Let’s go back to where it all began. The New York Auto Show of 1969. I was just a little punk then (now I’m a bigger punk, if that makes sense). The cars sparkled and dazzled, the models standing next to them sparkled and dazzled, and The City sparkled and dazzled. Great stuff. The best part of the show wasn’t inside the coliseum, though. No, no. It was outside on the streets where curious looking men sold hot dogs, pretzels, and paper bags of roasted chestnuts. The mixed aromas on street corners pulled me in like a siren’s call.
Dad: How did you like the show?
Me: Great. Can we get a pretzel?
Dad: Wasn’t the new Dodge Charger sharp?
Me: You bet. Can we get a couple of dogs?
Dad: Want to go to the show next year?
Me: Oh, yeah. How about a bag of chestnuts?
Dad: Boy something smells really good. How about a bag of chestnuts?
Me: Gee, that’s a great idea, dad.
I’ve been a street food junkie ever since. The offerings, chestnuts aside, were not the best back then, but times have changed. As new immigrant communities have taken over the old neighbourhoods in The City, they’ve brought their fabulous cuisine with them.

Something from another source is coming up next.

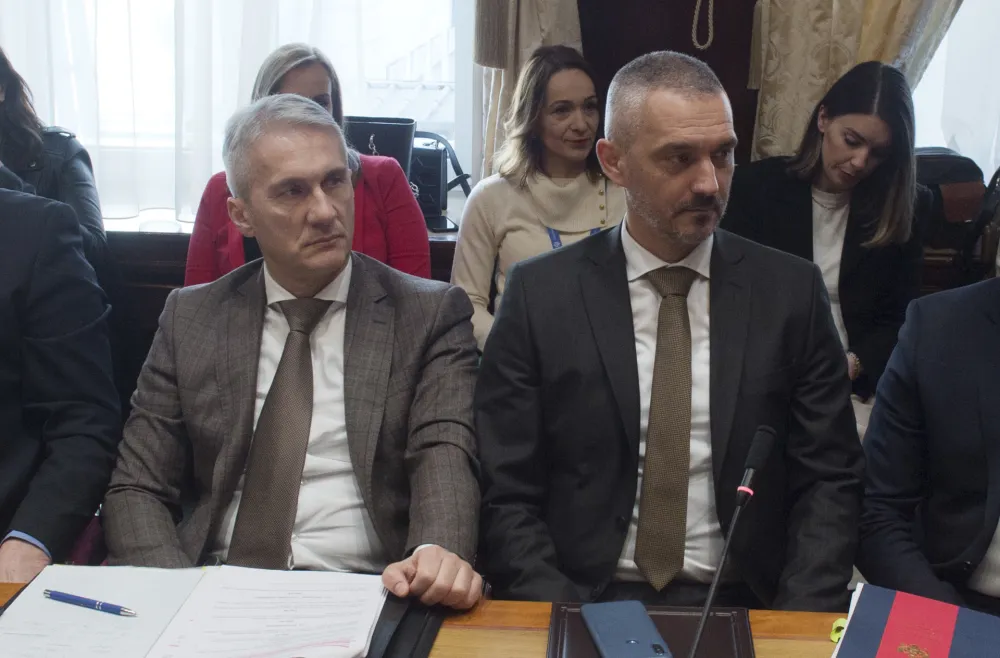 Odbor za bezbjednost, Dejan Vuksic, Zoran Brdjanin, Dejan Vuksic i Zoran Brdjanin,kokain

Middle Eastern Halal food carts are as common as fire hydrants. Fifth Avenue sports a mouthwatering German sausage kiosk, and Indian food is now seen (and sniffed) in a few places. This was the conversation just a few days ago:
“Salaam! I’ll have falafel on a pita.”
“You got it, pal.”
“Where are you from?”
“I have Egyptian students.”
“Yes? Are they good students?”
“They are the best.”
“Ha! Here’s your falafel. No charge.”
Checking the Kebabs near Grand Central Station.
Copyright James V. Michalec 2015
I never tire of the street food vendors. Their menus are exotic, good tasting, and made with honest ingredients. As if that isn’t enough, it is always very reasonably priced. Go anywhere in the world and street vendors are selling some of the best reasons to live well and enjoy life, not to mention travel. So while the big bad boys of the food industry struggle to put honest food on the market, we can all walk the streets anywhere in the world, safe and secure, knowing that a good lunch is always a sniff away.
Serving up a spicy chicken sandwich in Baku, Azerbaijan.